Given data:

= Beginning of Section =

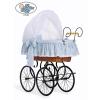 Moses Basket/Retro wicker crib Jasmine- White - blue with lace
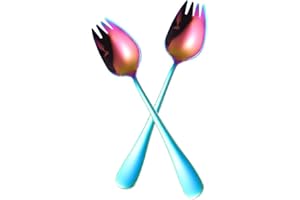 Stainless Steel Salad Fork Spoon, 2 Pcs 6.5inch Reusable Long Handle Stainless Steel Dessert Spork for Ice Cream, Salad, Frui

= End of Section =
= Beginning of Section =

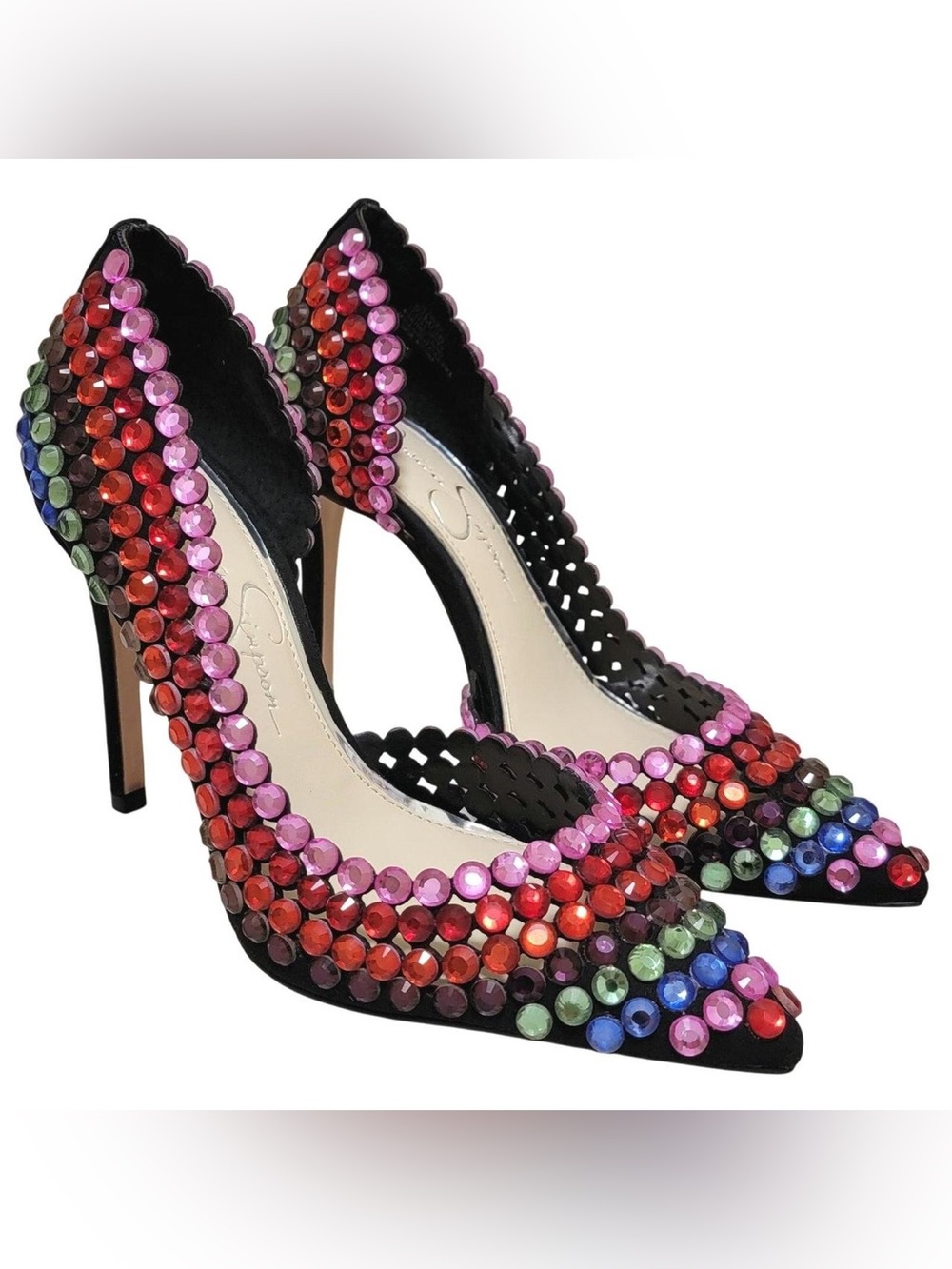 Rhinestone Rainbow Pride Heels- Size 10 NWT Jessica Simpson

= End of Section =
= Beginning of Section =

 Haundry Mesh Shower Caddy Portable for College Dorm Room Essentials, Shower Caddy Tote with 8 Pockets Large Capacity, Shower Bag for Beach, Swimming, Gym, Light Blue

= End of Section =

Task details: Take the material above and output only the lines from the one that contains "Moses Basket/Retro wicker" through the one that contains "Stainless Steel Salad", ends included and images left out.

Response area:
 Moses Basket/Retro wicker crib Jasmine- White - blue with lace
 Stainless Steel Salad Fork Spoon, 2 Pcs 6.5inch Reusable Long Handle Stainless Steel Dessert Spork for Ice Cream, Salad, Frui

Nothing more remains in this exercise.